Provisional ballots, along with other reforms to the voting system, were mandated by federal law in the Help America Vote Act of 2002. This act was designed to streamline the voting system, preventing election irregularities and making it the election process easier for voters. Prior to the passage of this act, in many precincts, questioned voters were unable to vote, even if they later proved to be eligible.
There are a number of situations in which a voter may be asked to fill out a provisional ballot. Inability to provide identification is one such situation. Voters who have recently changed addresses or do not appear on the rolls of a precinct may be asked to cast provisional ballots, as will voters for whom ballots have already been recorded. Provisional ballots are also provided to voters when the name on the roll is inaccurate.
After filling out the voting section of a provisional ballot, the voter fills out and signs an affidavit on the back which provides more information about the voter and the situation in which the vote was cast. By law, voters must be able to find out if their ballots have been accepted by calling a hotline or visiting a website, and polling place workers must provide contact information which allows voters to do this.
If you are asked to cast a provisional ballot, you should keep the receipt for the ballot, along with the contact information which will allow you to check and see if your vote is counted. Voter rights organizations also encourage voters to report incidents in which they fill out provisional ballots to third party organizations which monitor elections. By amassing a large database, these organizations can figure out whether or not irregularities occurred.

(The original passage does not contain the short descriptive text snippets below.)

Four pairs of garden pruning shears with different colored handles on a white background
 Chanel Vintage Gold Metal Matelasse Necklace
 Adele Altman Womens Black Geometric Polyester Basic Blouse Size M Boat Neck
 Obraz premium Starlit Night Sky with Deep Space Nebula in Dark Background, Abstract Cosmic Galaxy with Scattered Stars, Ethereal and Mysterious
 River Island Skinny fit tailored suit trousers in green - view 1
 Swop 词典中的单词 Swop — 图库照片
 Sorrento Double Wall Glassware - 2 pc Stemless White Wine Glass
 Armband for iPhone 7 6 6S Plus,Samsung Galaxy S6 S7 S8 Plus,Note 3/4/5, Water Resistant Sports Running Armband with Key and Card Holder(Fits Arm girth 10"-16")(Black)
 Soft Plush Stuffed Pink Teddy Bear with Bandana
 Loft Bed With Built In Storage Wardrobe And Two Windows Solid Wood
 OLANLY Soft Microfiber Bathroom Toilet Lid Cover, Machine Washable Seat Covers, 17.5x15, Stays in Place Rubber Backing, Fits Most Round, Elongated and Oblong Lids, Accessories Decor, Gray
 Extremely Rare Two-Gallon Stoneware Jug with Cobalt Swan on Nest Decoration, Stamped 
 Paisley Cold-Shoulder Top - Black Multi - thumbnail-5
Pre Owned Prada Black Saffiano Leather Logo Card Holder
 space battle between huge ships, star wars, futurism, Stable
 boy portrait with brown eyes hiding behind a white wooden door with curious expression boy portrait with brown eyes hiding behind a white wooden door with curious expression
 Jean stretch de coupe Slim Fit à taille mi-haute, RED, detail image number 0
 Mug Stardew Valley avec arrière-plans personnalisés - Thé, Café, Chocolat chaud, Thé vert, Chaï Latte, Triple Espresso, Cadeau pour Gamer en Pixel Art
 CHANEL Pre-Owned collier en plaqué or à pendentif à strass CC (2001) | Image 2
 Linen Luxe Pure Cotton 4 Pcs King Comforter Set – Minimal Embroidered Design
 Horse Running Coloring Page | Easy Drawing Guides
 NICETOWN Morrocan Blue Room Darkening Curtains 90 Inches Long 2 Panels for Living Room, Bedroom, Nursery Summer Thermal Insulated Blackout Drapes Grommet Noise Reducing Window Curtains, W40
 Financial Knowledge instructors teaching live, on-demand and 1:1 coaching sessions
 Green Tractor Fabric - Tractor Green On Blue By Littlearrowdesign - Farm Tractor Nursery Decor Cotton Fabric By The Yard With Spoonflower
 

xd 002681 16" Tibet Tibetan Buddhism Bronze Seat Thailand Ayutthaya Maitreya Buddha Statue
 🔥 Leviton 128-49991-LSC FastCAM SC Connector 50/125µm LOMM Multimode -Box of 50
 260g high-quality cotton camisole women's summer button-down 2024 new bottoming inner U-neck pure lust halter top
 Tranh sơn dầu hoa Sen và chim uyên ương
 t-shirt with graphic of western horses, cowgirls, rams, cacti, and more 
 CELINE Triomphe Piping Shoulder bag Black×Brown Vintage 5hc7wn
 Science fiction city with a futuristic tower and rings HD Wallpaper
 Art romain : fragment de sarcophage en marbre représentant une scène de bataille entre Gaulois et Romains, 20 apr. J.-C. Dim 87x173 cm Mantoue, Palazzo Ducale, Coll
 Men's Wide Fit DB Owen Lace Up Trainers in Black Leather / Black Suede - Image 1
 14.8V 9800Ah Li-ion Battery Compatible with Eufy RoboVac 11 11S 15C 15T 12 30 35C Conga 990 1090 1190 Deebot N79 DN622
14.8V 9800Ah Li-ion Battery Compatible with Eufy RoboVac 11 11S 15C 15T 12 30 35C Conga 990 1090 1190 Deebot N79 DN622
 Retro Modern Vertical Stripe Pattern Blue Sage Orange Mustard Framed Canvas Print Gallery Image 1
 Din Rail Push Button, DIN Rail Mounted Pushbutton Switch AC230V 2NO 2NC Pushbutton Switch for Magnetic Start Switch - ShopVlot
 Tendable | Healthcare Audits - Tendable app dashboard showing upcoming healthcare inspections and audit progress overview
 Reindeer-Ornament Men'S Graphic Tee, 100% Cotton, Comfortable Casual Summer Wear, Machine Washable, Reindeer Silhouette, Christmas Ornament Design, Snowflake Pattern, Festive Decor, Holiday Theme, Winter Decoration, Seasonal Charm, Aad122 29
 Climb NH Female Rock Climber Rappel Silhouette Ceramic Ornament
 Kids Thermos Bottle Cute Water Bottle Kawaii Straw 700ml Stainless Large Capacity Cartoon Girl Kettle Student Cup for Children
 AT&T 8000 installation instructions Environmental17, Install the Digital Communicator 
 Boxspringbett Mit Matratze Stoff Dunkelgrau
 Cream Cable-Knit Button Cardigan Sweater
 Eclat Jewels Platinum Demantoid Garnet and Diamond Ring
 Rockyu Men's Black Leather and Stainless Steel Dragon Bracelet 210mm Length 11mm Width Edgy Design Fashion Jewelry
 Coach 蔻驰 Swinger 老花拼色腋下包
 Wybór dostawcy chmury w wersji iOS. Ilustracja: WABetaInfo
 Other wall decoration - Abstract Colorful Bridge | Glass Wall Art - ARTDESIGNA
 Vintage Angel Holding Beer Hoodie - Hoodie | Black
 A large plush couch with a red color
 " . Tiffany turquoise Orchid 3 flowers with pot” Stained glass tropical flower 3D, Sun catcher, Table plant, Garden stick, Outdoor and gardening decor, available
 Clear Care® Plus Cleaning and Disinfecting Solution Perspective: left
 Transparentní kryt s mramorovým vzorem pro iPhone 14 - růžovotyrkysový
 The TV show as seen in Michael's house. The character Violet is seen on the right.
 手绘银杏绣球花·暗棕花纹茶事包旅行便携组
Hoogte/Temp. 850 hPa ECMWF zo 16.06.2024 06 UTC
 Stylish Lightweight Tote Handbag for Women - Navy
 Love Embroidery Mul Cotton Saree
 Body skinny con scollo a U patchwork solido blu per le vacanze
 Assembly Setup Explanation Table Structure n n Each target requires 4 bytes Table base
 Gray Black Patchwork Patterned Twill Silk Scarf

Advocates of the provisional ballot system argue that a provisional ballot is better than no ballot at all, and they are, perhaps, right. However, critics of provisional balloting have argued that a suspicious number of swing states have high numbers of provisional ballots, and that many minorities fill out a disproportionate number of provisional ballots, suggesting that there may be some vote fixing going on. These suspicions have been compounded by long delays in the processing of provisional ballots; such ballots are sometimes not finalized and counted until months after the election, essentially disenfranchising the people who cast them.